**** Data for review ****

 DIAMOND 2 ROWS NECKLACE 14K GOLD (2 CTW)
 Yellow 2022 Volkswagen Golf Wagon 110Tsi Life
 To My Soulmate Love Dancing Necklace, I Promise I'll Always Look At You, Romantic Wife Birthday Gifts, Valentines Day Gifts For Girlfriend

****
**** Data for review ****

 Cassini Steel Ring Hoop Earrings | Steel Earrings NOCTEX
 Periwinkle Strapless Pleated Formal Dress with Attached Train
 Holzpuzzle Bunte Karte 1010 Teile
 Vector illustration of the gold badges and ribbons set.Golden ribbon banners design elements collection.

****

- How to complete this task -
All that belongs in the answer is the run of lines above from the line containing "DIAMOND 2 ROWS NECKLACE 14K GOLD (2 CTW)" through the line containing "To My Soulmate", exactly as written.

- Exercise response -
 DIAMOND 2 ROWS NECKLACE 14K GOLD (2 CTW)
 Yellow 2022 Volkswagen Golf Wagon 110Tsi Life
 To My Soulmate Love Dancing Necklace, I Promise I'll Always Look At You, Romantic Wife Birthday Gifts, Valentines Day Gifts For Girlfriend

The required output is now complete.